Step 1: Reason. Transition metal ions have partially filled (n-1)d orbitals. In the presence of ligands or in the crystal, the five d orbitals split into two sets of slightly different energy (\(t_{2g}\) and \(e_g\)).
Step 2: d-d transition. When visible light falls on the compound, an unpaired d electron absorbs a particular wavelength (energy) and is promoted from the lower to the higher d-orbital set. This is called a d-d transition.
Step 3: Observed colour. The compound transmits/reflects the remaining light, so it appears in the complementary colour of the light absorbed. Ions with completely empty (\(d^0\), e.g. \(Sc^{3+}\), \(Ti^{4+}\)) or completely filled (\(d^{10}\), e.g. \(Zn^{2+}\), \(Cu^+\)) d orbitals have no d-d transition and are therefore colourless.
Part (ii): Lanthanoid contraction.
Step 1: Statement. Across the lanthanoid series (from \(La\) to \(Lu\)), as the atomic number increases the atomic and ionic (\(M^{3+}\)) radii show a steady decrease. This regular decrease is called the lanthanoid contraction.

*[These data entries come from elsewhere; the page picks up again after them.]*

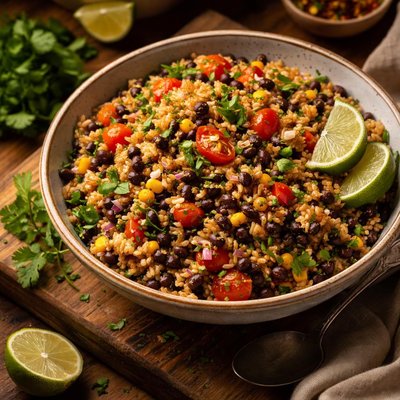 Image of Zesty Rice and Bean Salad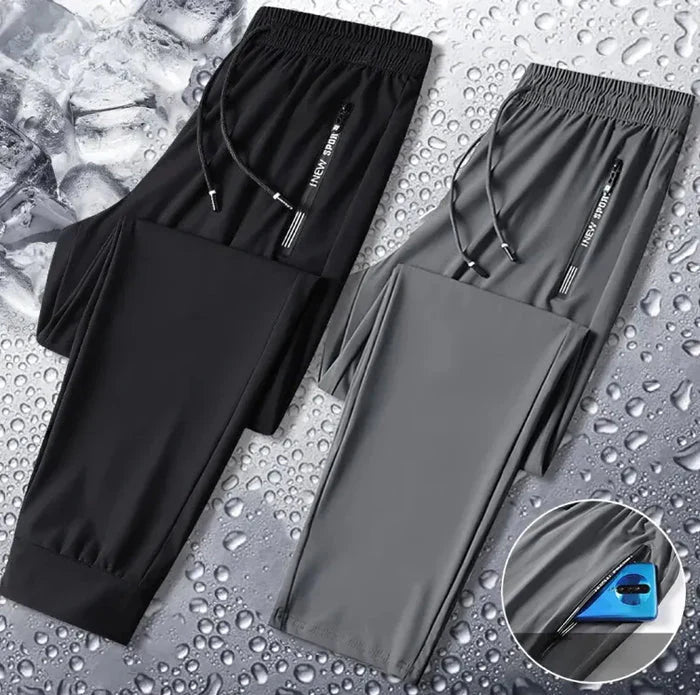 Combo of 2 Men's Sports Regular Fit Lycra Hot Track Pant with Two Side Pockets ( Black + Grey) (Buy 1 Get 1 Free )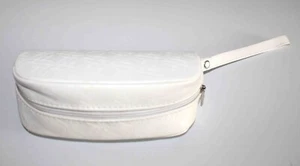 Oakley White Leather Embossed Zip Glasses - Picture 1 of 11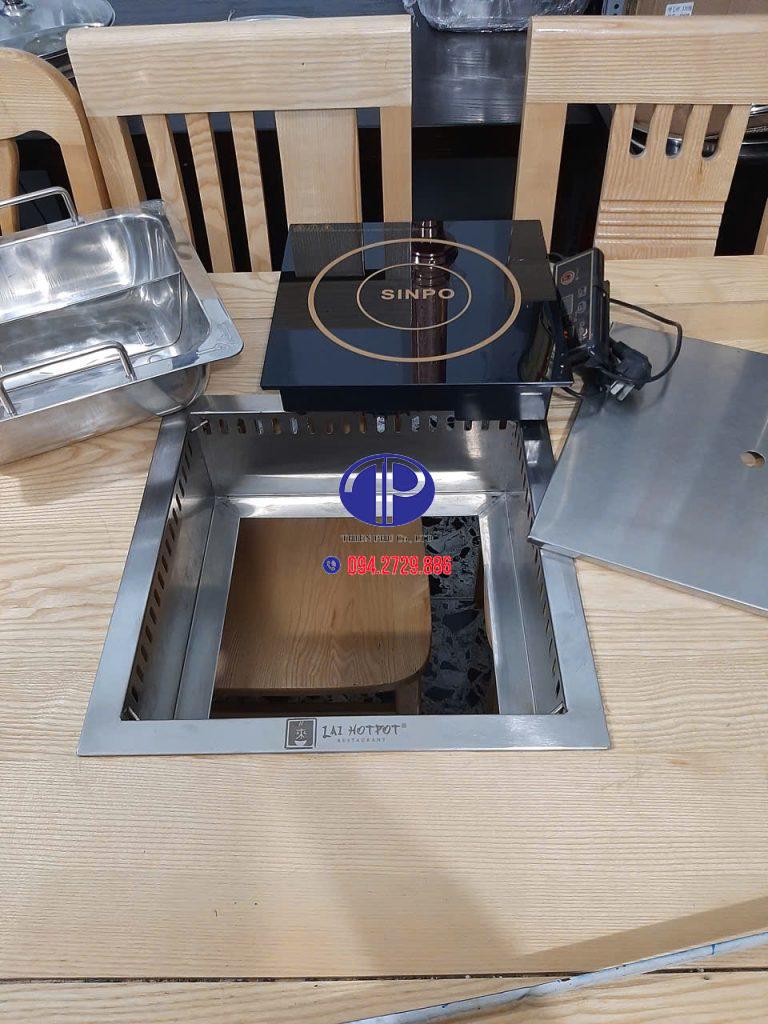 Thông tin chi tiết bếp lẩu vuông 2 ngăn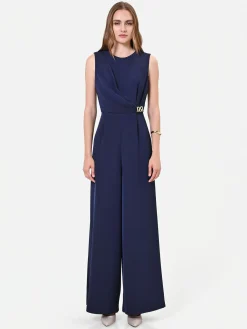 TUTA INTERA BLU NAVY CON DRAPPEGGIO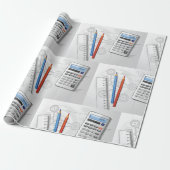 Technical Drawing Office Supplies ラッピングペーパー (アンロールド)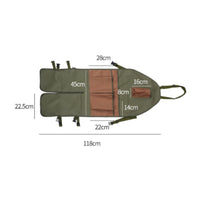 Water-Resistant Split-Leg Apron Waterproof Apron with Pockets Multi-Pocket Adjustable for Gardeners, Florists, Gardening, Harvesting, Orchard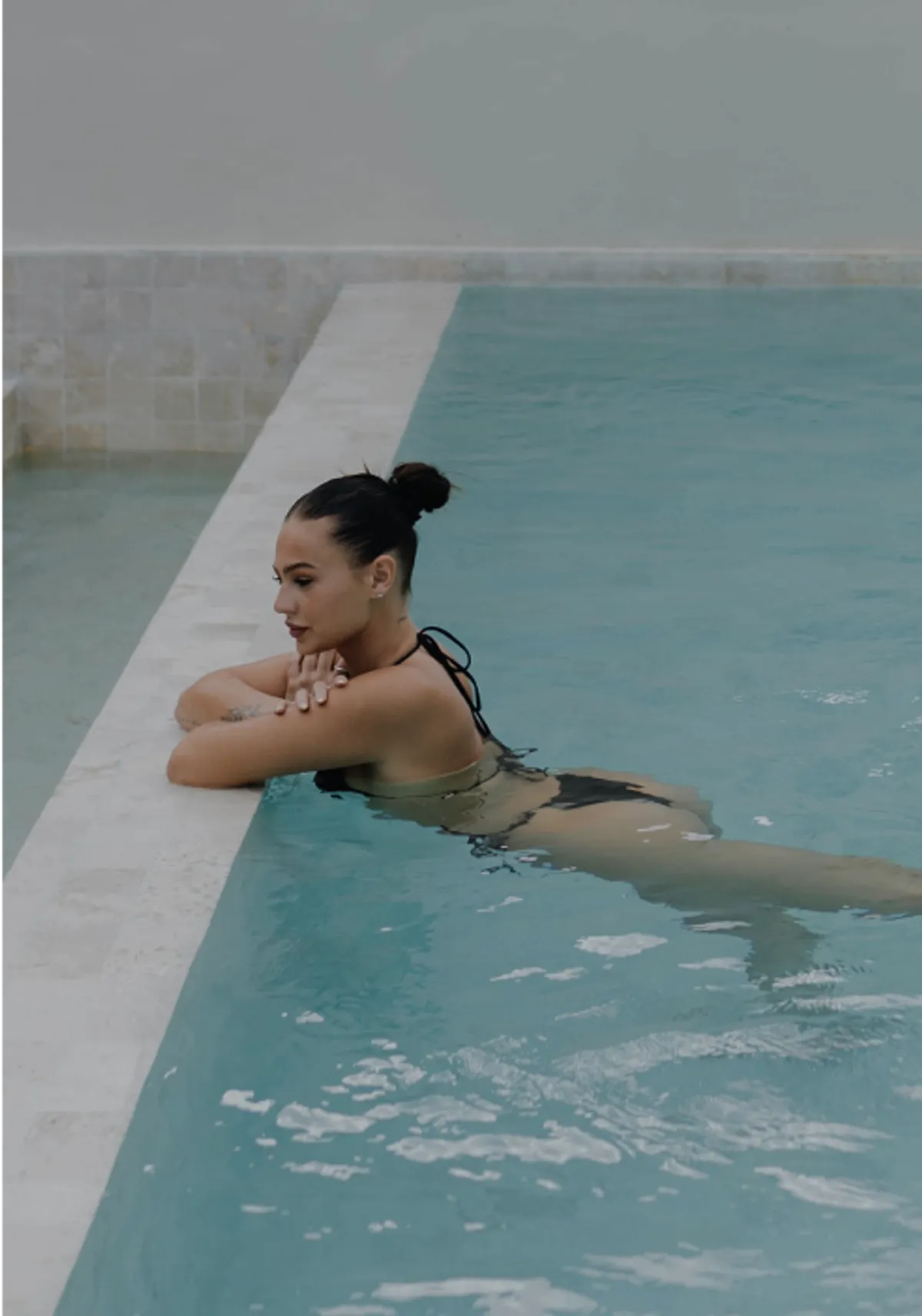 Girl in pool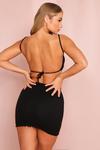MissPap Ribbed Strappy Backless Crop Top thumbnail 3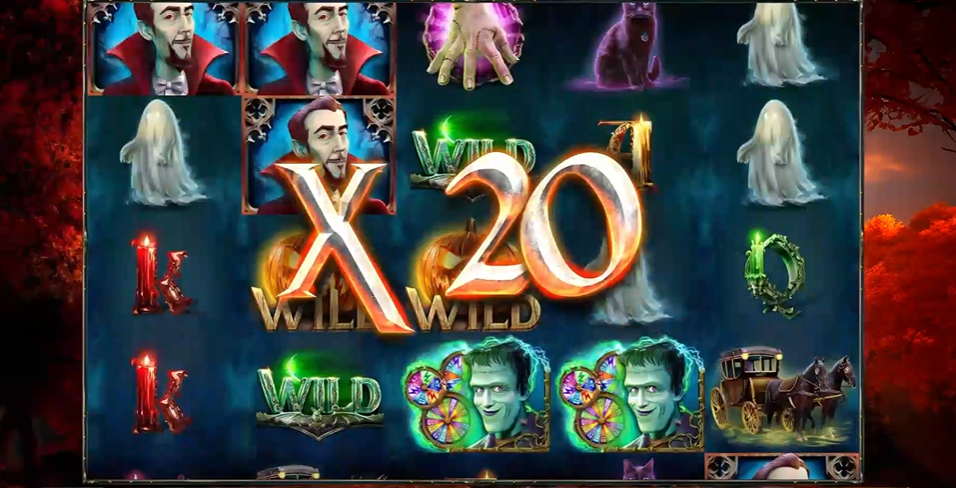 halloween wins slot free spins bonus multiplier feature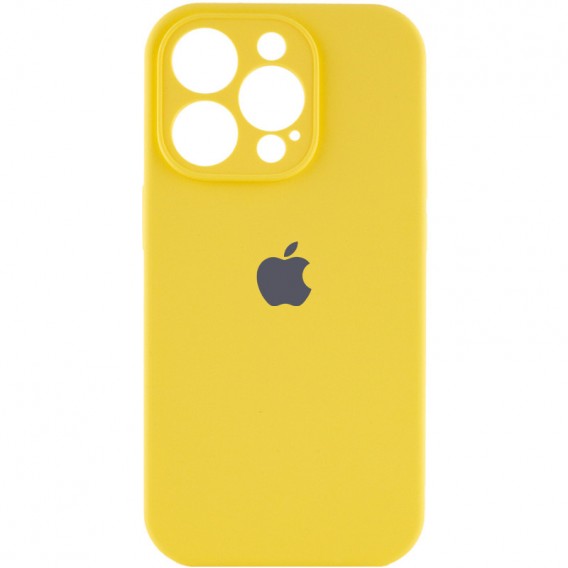 Чехол Silicone Case Full Camera Protective (AA) для Apple iPhone 15 Pro (6.1"), Желтый / Yellow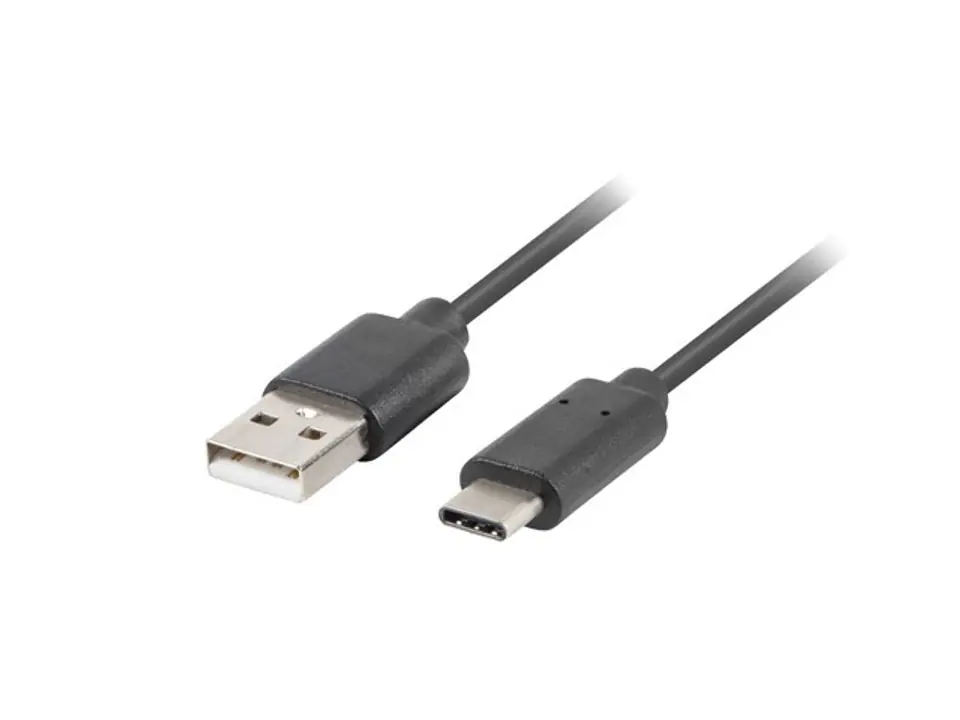 ⁨Kabel USB CM - AM 3.1 1.8m czarny, pełna miedź⁩ w sklepie Wasserman.eu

Step 2: Cause. The added electrons enter the inner 4f subshell. The 4f electrons have a poor shielding effect, so the effective nuclear charge felt by the outer electrons increases with atomic number, pulling the electron cloud closer and reducing the size.
Step 3: Consequences.
(a) Elements of the second (4d) and third (5d) transition series have almost the same size (e.g. Zr and Hf), so their properties are very similar and they are difficult to separate.
(b) There is a slow decrease in the basic strength of the hydroxides from \(La(OH)_3\) to \(Lu(OH)_3\).
(c) It causes similarity in properties of the lanthanoids, making their separation difficult.